I'm not to worried either, counters works for me if you feel confident that's all we have.

mikeryan’s picture

Here it is with specific methods for success/processed. Keeping in mind that I also want to add error/ignored counters, though, I fear method explosion...

benjy’s picture

Yeah I see what you mean about so many methods. I was thinking methods like incrementSuccesses() and incrementProcessed() added to MigrateExecutable instead, and then we don't add the methods to the MigrationCounters object. That way, it's more readable and defined inside of MigrateExecutable but still leaves MigrationCounters flexible?

mikeryan’s picture

FileSize
11.46 KB
556 bytes

Like so?

At this point #2443089: Track additional statistics when migrating is so simple I folded it in here, but I can back it out if requested...

edit: linked to wrong issue

mikeryan’s picture

FileSize
6.23 KB

Uploaded wrong interdiff...

benjy’s picture

The more i think about this issue the more i'm unsure, I had a go at making the executable have a collection of MigrationCounter objects but I'm not sure about that either.
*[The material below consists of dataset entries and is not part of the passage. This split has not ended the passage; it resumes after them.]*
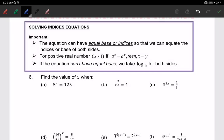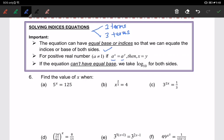Assalamualaikum and hello everyone. Today we are going to solve indices equations. Solving indices equations is divided into two parts: solving two-term indices equations or three-term indices equations. Most importantly, the equation can have equal bases or indices, so we can just equate the indices or base of both sides. For a positive real number where a is not equal to one, if a to the power of x equals a to the power of y — same base — we can compare the powers and write x equals y.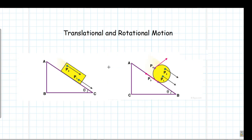Rigid bodies can execute translational and rotational motion; there are also spin motions but we are not going to look into that. Translational motion is a motion in which the body executes linear movement — all the points inside the body will be moving linearly along a straight line when the body executes translational motion.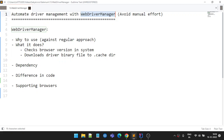Hey guys, Sathya here. In this video we'll see how to automate driver with WebDriver Manager. WebDriver Manager is a free Java library. We'll see today how to use it and before that we'll see why to use it.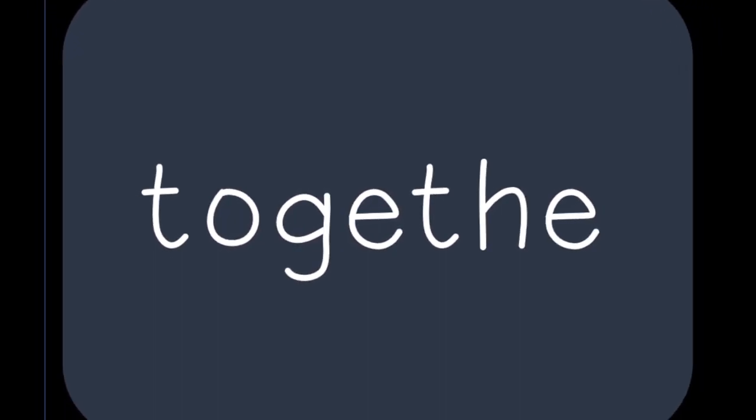Next word: together. Check it. T-O-G-E-T-H-E-R. Together. Fix it if you got it wrong. Erase it.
Now we're back to "dynamically" creating counters, maybe we should just go back to an array of counters on the executable and do away with MigrationCounters object altogether. When I originally suggested it we were calling the object MigrationStatistics with methods such as getTotalSuccesses() but that's all gone now. "simplified" patch attaches showing that approach as well.

Thoughts?

mikeryan’s picture

  1. +++ b/core/modules/migrate/src/MigrateExecutable.php
    @@ -81,6 +58,13 @@ class MigrateExecutable implements MigrateExecutableInterface {
    +   * An object for tracking statistics.
    

    No longer an object.

  2. +++ b/core/modules/migrate/src/MigrateExecutable.php
    @@ -604,6 +584,49 @@ protected function getTimeElapsed() {
    +  public function resetCounter($name) {
    +    $this->counters[$name] = 0;
    +  }
    +
    +  public function incrementCounter($name) {
    +    if (!isset($this->counters[$name])) {
    +      $this->counters[$name] = 0;
    +    }
    +    $this->counters[$name]++;
    +  }
    +
    +  public function getCount($name) {
    

    I would prefer 'resetCount' and 'incrementCount'.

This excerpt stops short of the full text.